The Dearborn Independent was a weekly founded in 1901 under the editorship of Marcus Tullius Woodruff, previously editor-proprietor of the Ypsilantian, the Michigan State Democrat, and the Ypsilanti Sentinel. In 1918, Ford's private secretary Ernest G. Liebold bought the Independent from Woodruff for the Dearborn Publishing Company, of which Ford was president. The Independent became the official organ of the Ford Motor Company. From January 1919 until April 1925, "The Ford International Weekly" appeared in the masthead, and the paper was sometimes referred to by that name.
Henry Ford took a personal interest in the paper, and wrote a regular column "Mr.

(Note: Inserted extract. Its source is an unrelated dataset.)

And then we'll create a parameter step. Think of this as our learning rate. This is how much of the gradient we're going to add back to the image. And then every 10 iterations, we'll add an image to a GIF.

Ford's Page." He used his page and position of influence as proprietor to set the paper's editorial line. At its height during the mid-1920s, the Independent, aided by promotion required in Ford dealers' contracts, claimed a circulation of between 700,000 and 900,000. If true, this would make it second only to the New York Times in terms of national readership. From 1919, the paper was published in a 16-page format, and subscription cost five cents per issue or $1 per annum.

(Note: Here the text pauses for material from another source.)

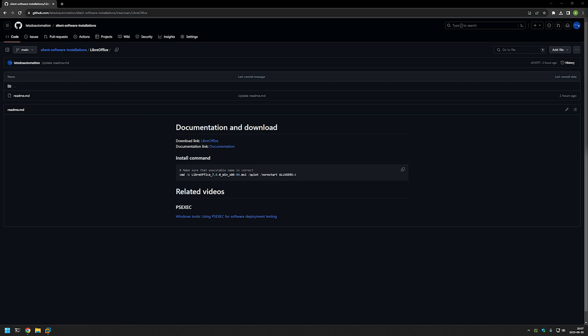In this video I will be silently installing LibreOffice and I will use psxec to execute the installation as a system account. The main reason why I'm doing it is because I want to make sure that the installation is successful no matter what user I'm using to deploy the software.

Ford's appointment of Edwin Gustav Pipp, previously managing editor of the Detroit News, appeared to indicate a serious journalistic purpose. This, however, was not the path the paper would follow. Pipp resigned as editor by April 1920, having learned of the Dearborn Publishing Company's intent to launch an antisemitic campaign. Pipp later published his The Real Henry Ford (1922). Pipp was replaced as editor of the Independent by William J. Cameron, who published articles such as the May 22, 1920 piece: "The International Jew: The World's Problem," which occupied the entire front page of that issue. Like many subsequent articles and stand-alone publications, the substance of the Independent article was based on the discredited Protocols of the Elders of Zion, first published in Russia in 1903. In January 1921, a statement titled "The Peril of Racial Prejudice," denouncing the Independent as "un-American" for its antisemitic position, was published and signed by 100 notables including President Woodrow Wilson, William Howard Taft, William Jennings Bryan, and Clarence Darrow among others. In 1921, city ordinances were passed in Chicago and Toledo temporarily forbidding the sale of the Independent.

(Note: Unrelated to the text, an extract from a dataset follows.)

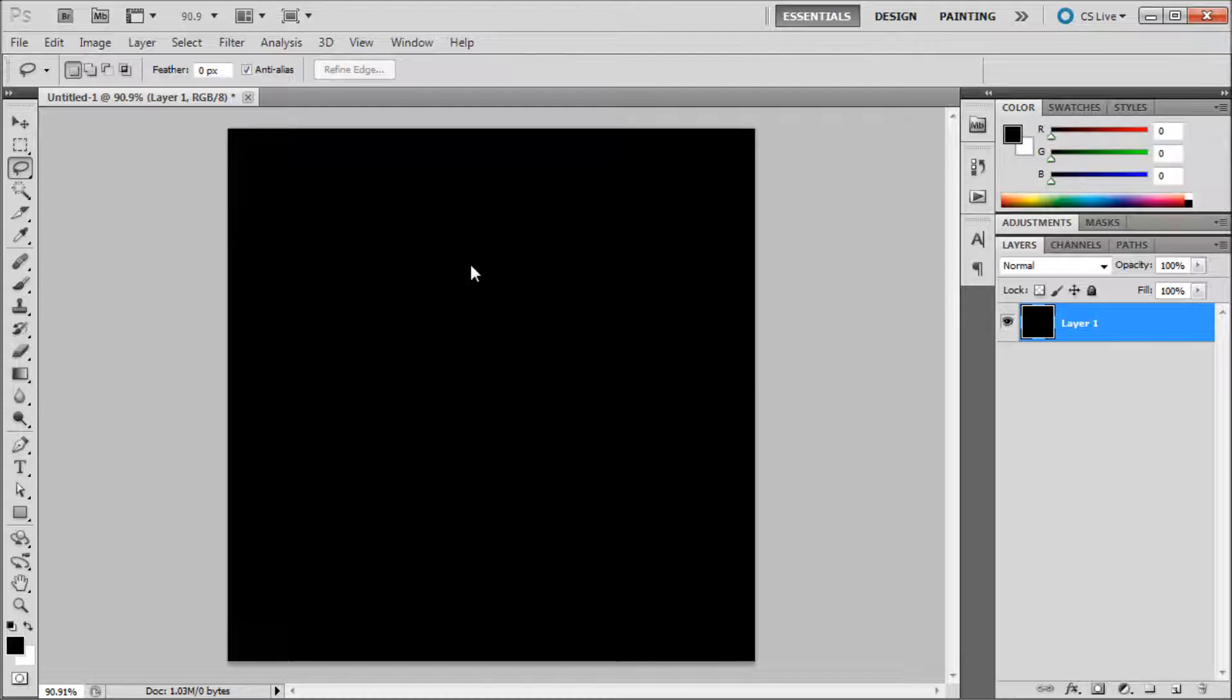To do this, first make a selection. I'll be grabbing the lasso tool and dragging out a selection.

Many of the antisemitic articles published by the Dearborn Independent were republished in four paperbound volumes: The International Jew, the World's Foremost Problem (November 1920); Jewish Activities in the United States (April 1921); Jewish Influence in American Life (November 1921); and Aspects of Jewish Power in the United States (May 1922). Collectively published as The International Jew: The World’s Foremost Problem, these tracts were widely distributed both within the United States and abroad. The Dearborn Independent closed in 1927 following a successful libel suit brought against Ford by prominent San Francisco lawyer Aaron Sapiro, the Anti-Defamation League, and the Jewish service organization B'nai B'rith. Despite this, prominent antisemite Gerald L.K. Smith published an abridged version ofThe International Jew in the late 1950s through his "Christian Nationalist Crusade" group based in Los Angeles.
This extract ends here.